* [TASK]: From start to end, write out the following data exactly, apart from its images.

[Stored data entries]
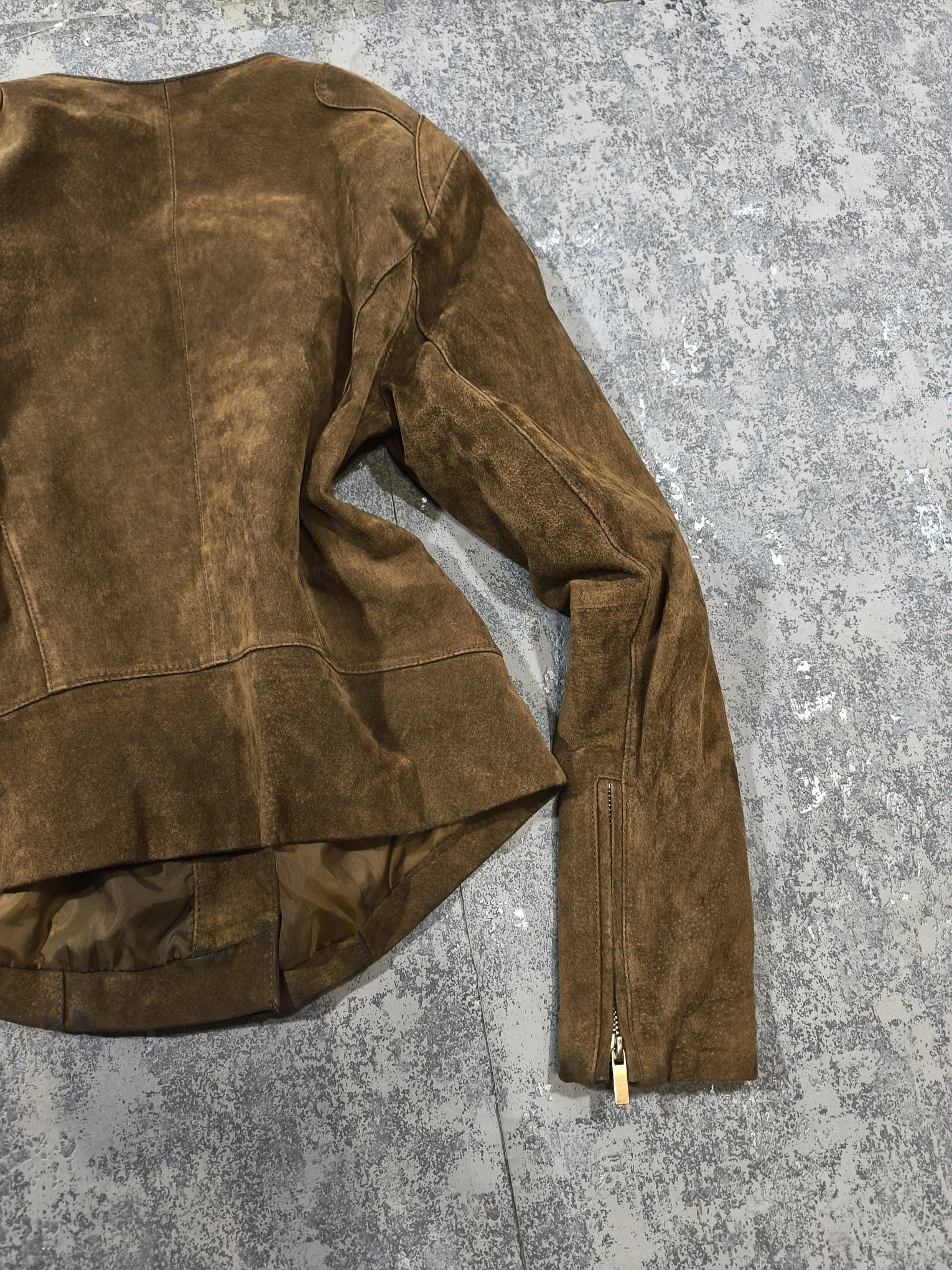 Hysteric Glamour SUEDE LEATHER CROP MOTO BIKER GIRL JACKET Size M / US 6-8 / IT 42-44 - 8 Thumbnail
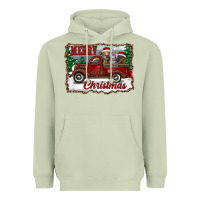 Matcha christmas truck with cows Heavyweight Hoodie - RanaPortraitStore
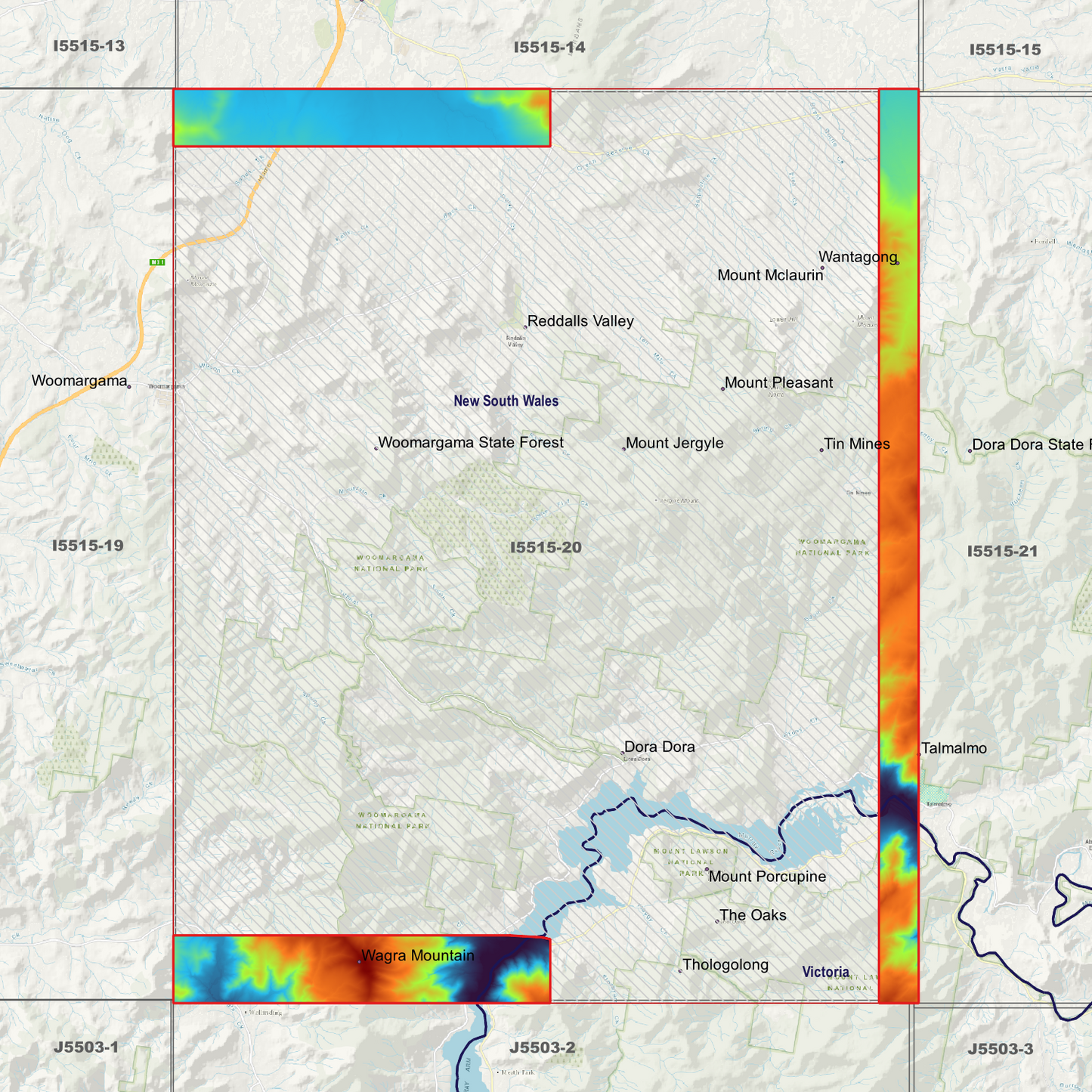Porcupine 1m, 2m & 5m Digital Elevation Models (I5515-20)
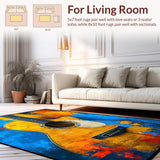 Chic Abstract Guitar Silhouette(Blue)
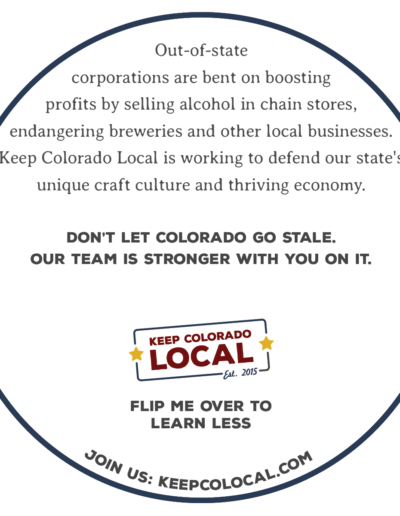 KCL coasters distributed to breweries around the state (back)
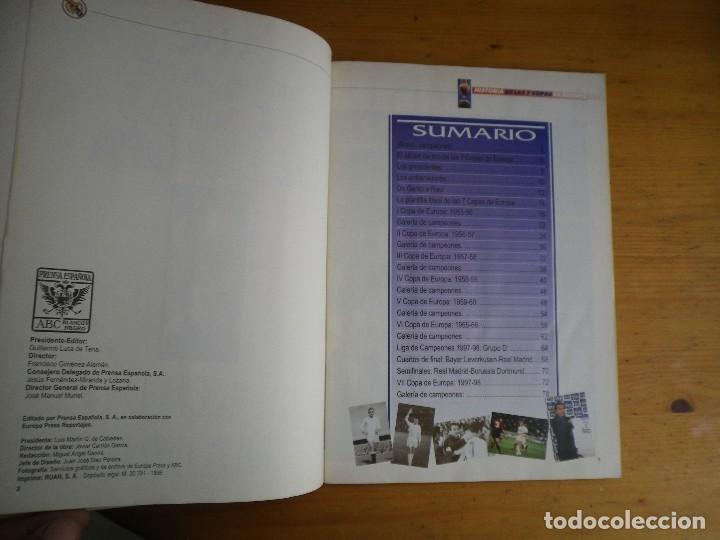 Libros: HISTORIA DE LAS 7 COPAS DE EUROPA REAL MADRID COMPLETO - Foto 2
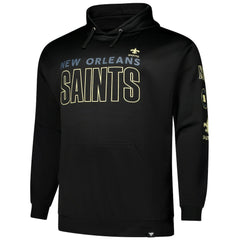 New Orleans Saints Big & Tall Fleece Pullover Hoodie - Black Hoodies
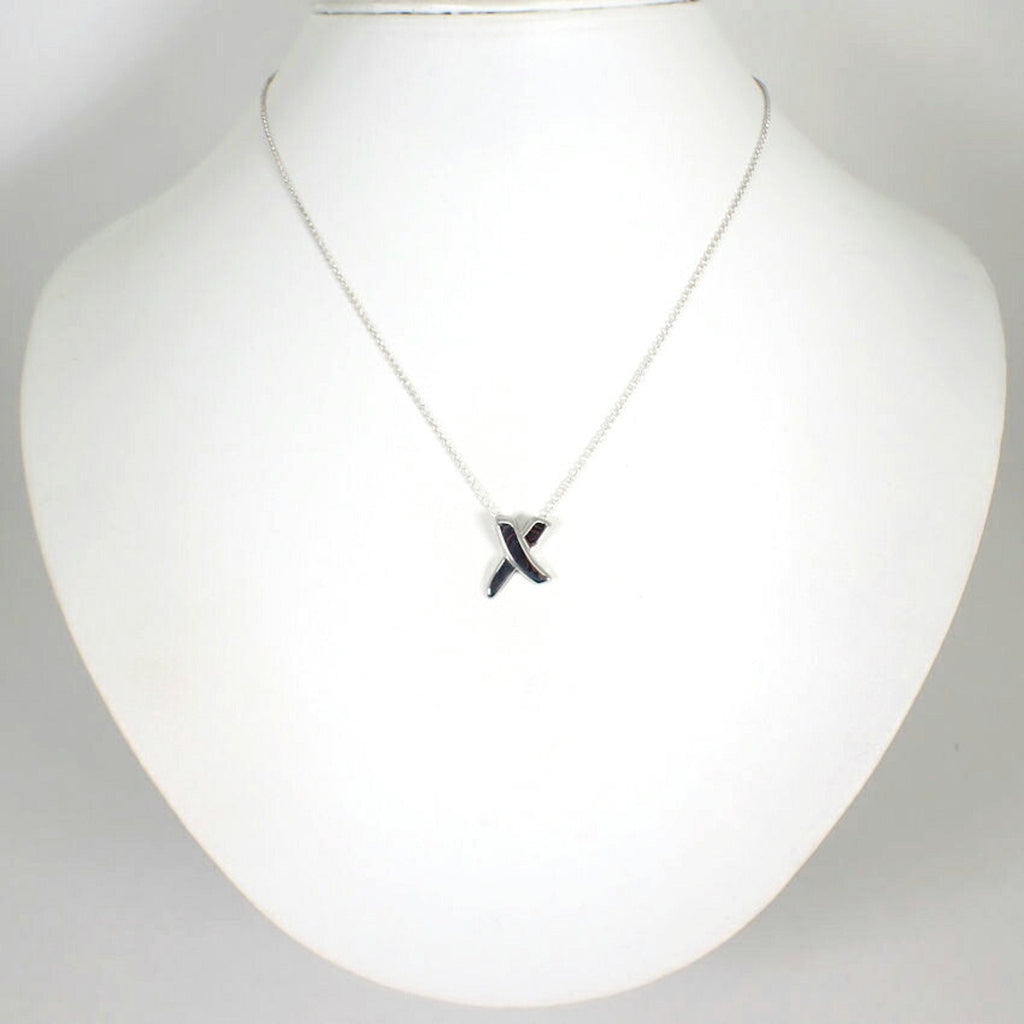 Kiss Pendant Necklace Sterling Silver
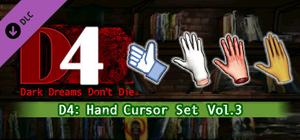 D4: Hand Cursor Set Vol.3 banner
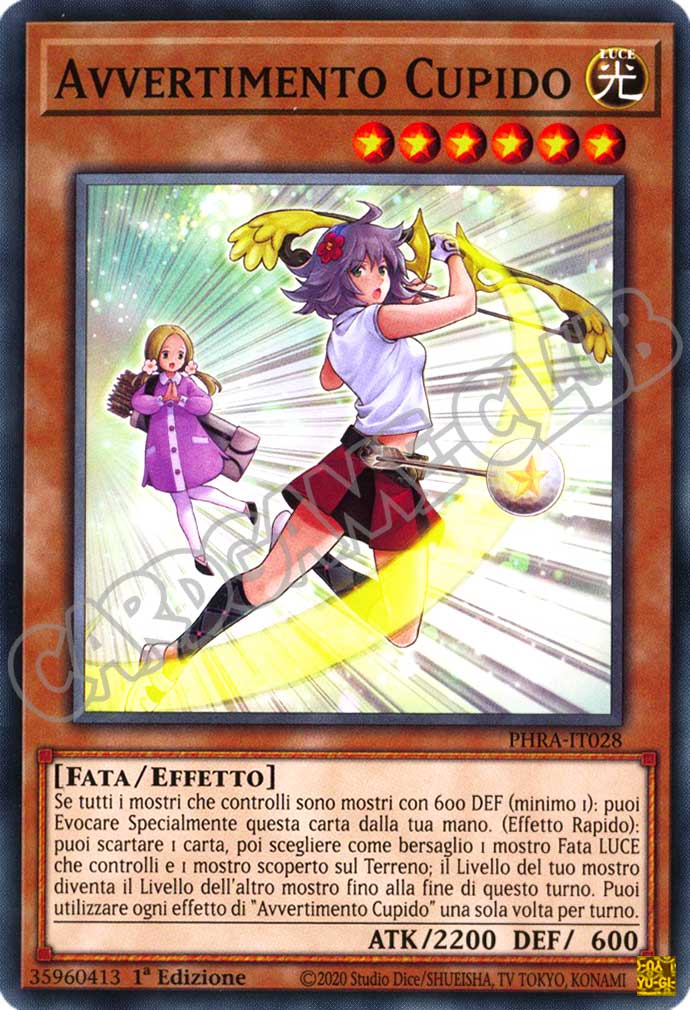 PHRA-IT028 Avvertimento Cupido comune 1a Edizione (IT) -NEAR MINT-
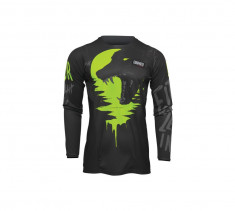 MBS Tricou Motocross/Enduro Thor PLSYT CNTSHP Negru Verde Marimea M, Cod Produs: 29122078PE foto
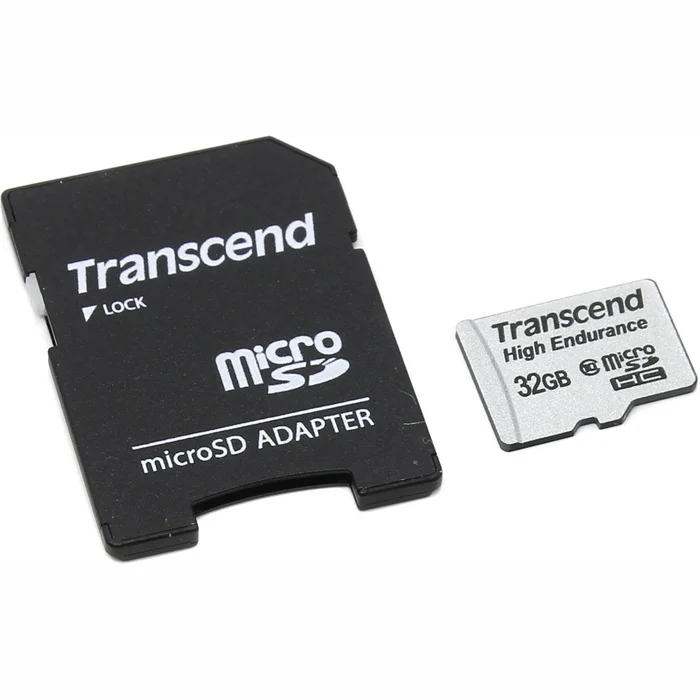 Atmiņas karte Transcend 32GB Micro SDHC High Endurance w/​ Adapter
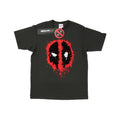 Light Graphite - Front - Deadpool Mens Splat Face Cotton T-Shirt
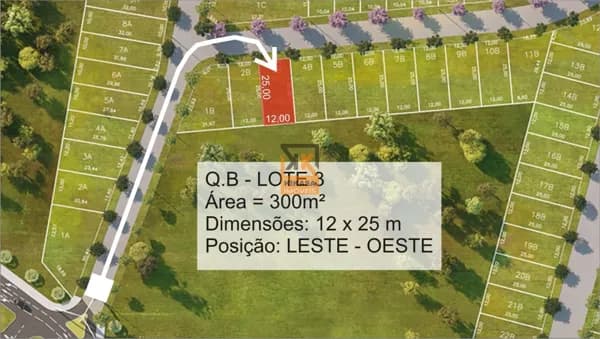 TERRENO COM ENTRADA E PARCELAMENTO EM 180 COM 300 M² NO GARTEN PLATZ EM CAMPO BOM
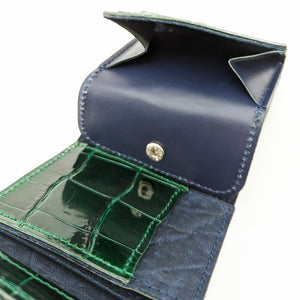 限定　ミニ財布スクエア ホック (クロコ×ゾウ)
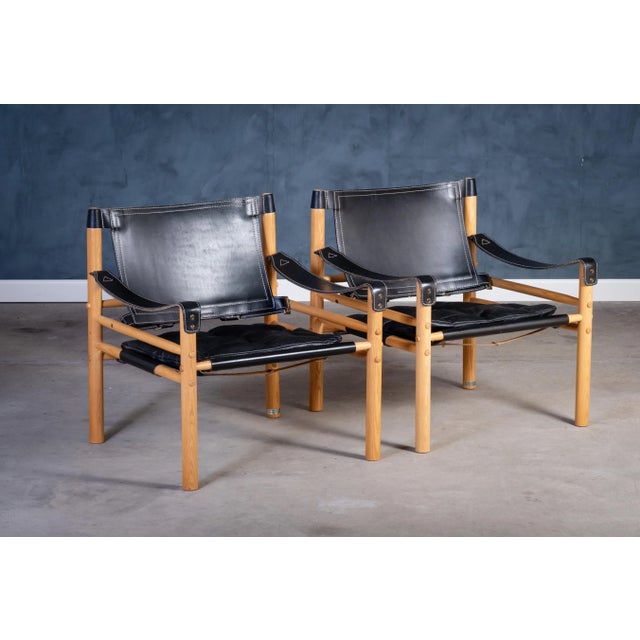 1960s Set of Safari Chairs by Arne Norell for Arne Norell Ab Sweden, 1960s For Sale - Image 5 of 13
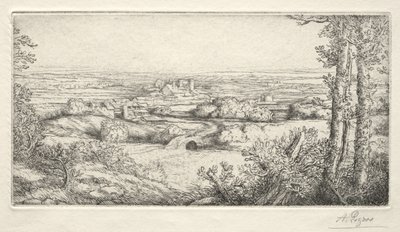 En dal i Bourgogne af Alphonse Legros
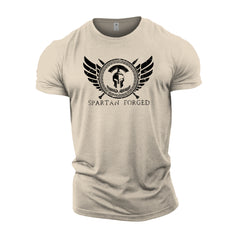 Spartan Forged Chest Emblem - Spartan Forged - Gym T-Shirt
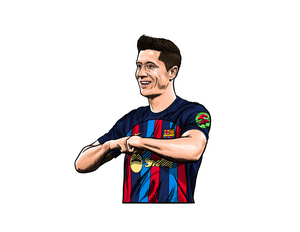 Robert Lewandowski FC Barcelona Car Freshener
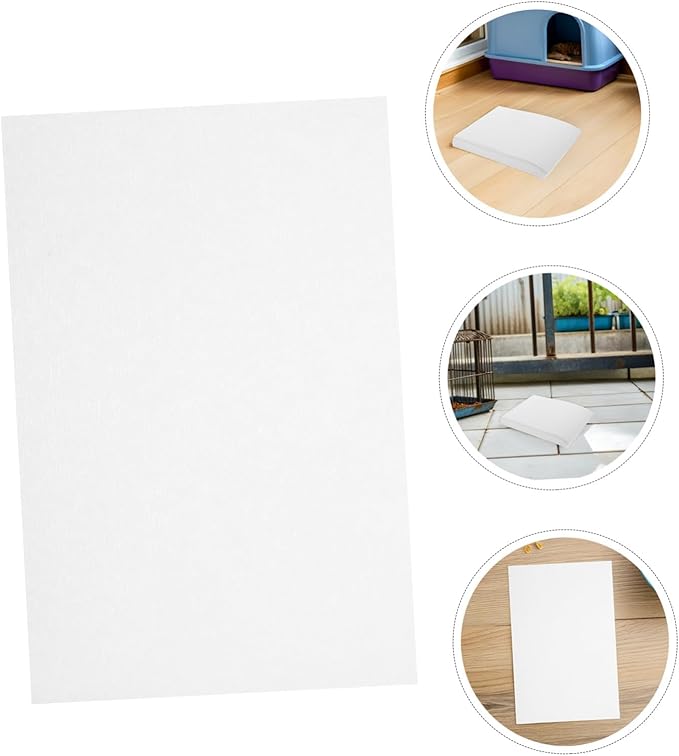 Happyyami 100 Sheets Precut Absorbent Bird Cage Liner Paper for Parrots Parakeets Canaries Macaws Disposable Cage Bottom Pads Easy to Use and Stackable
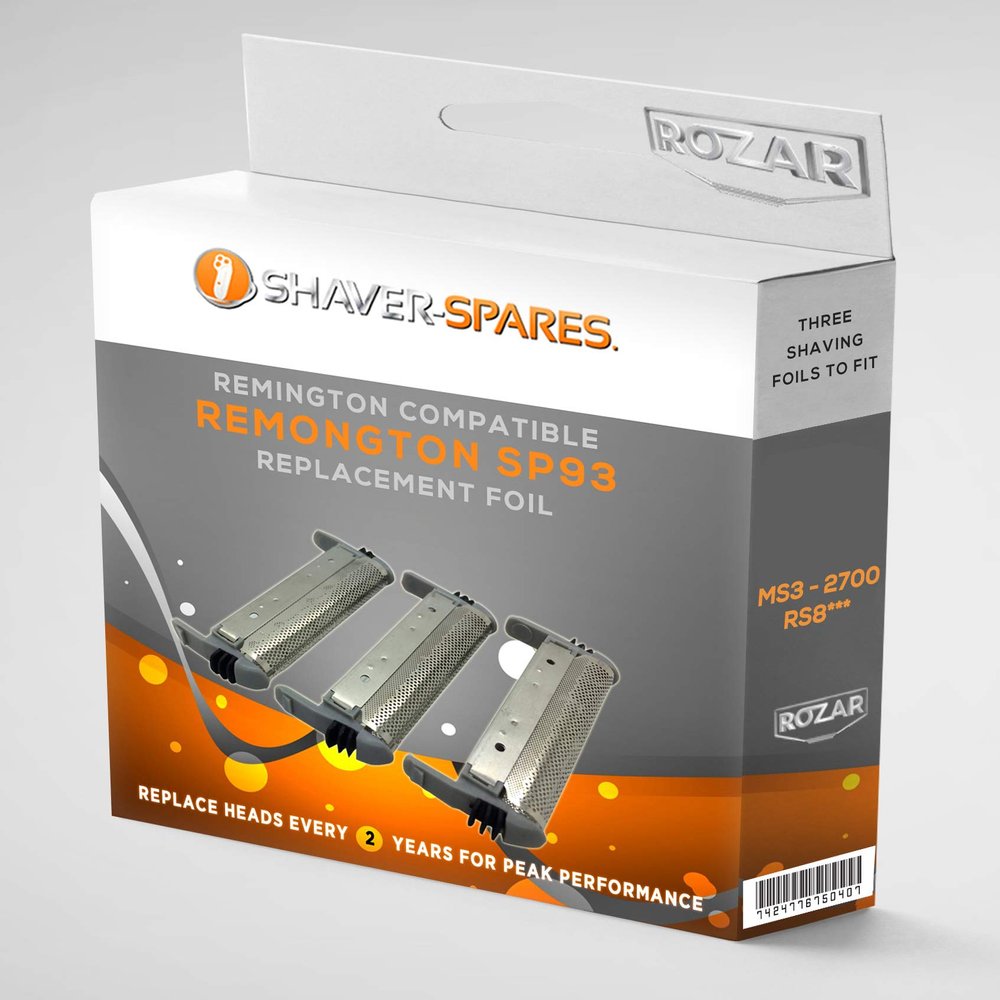 Compatible with Remington SP93 Foils for RS TCT3 Foil Shaver and MS3-2700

* [RESPONSE AREA]:
 Hysteric Glamour SUEDE LEATHER CROP MOTO BIKER GIRL JACKET Size M / US 6-8 / IT 42-44 - 8 Thumbnail
 Matcha christmas truck with cows Heavyweight Hoodie - RanaPortraitStore
Porcupine 1m, 2m & 5m Digital Elevation Models (I5515-20)
 Chic Abstract Guitar Silhouette(Blue)
 KCL coasters distributed to breweries around the state (back)
 Libros: HISTORIA DE LAS 7 COPAS DE EUROPA REAL MADRID COMPLETO - Foto 2
 New Orleans Saints Big & Tall Fleece Pullover Hoodie - Black Hoodies
 Kiss Pendant Necklace Sterling Silver
 D4: Hand Cursor Set Vol.3 banner
 PHRA-IT028 Avvertimento Cupido comune 1a Edizione (IT) -NEAR MINT-
 MBS Tricou Motocross/Enduro Thor PLSYT CNTSHP Negru Verde Marimea M, Cod Produs: 29122078PE foto
 Atmiņas karte Transcend 32GB Micro SDHC High Endurance w/​ Adapter
 Light Graphite - Front - Deadpool Mens Splat Face Cotton T-Shirt
 TERRENO COM ENTRADA E PARCELAMENTO EM 180 COM 300 M² NO GARTEN PLATZ EM CAMPO BOM
 限定　ミニ財布スクエア ホック (クロコ×ゾウ)
 1960s Set of Safari Chairs by Arne Norell for Arne Norell Ab Sweden, 1960s For Sale - Image 5 of 13
 En dal i Bourgogne af Alphonse Legros
 Spartan Forged Chest Emblem - Spartan Forged - Gym T-Shirt
 Robert Lewandowski FC Barcelona Car Freshener
 Happyyami 100 Sheets Precut Absorbent Bird Cage Liner Paper for Parrots Parakeets Canaries Macaws Disposable Cage Bottom Pads Easy to Use and Stackable
 Compatible with Remington SP93 Foils for RS TCT3 Foil Shaver and MS3-2700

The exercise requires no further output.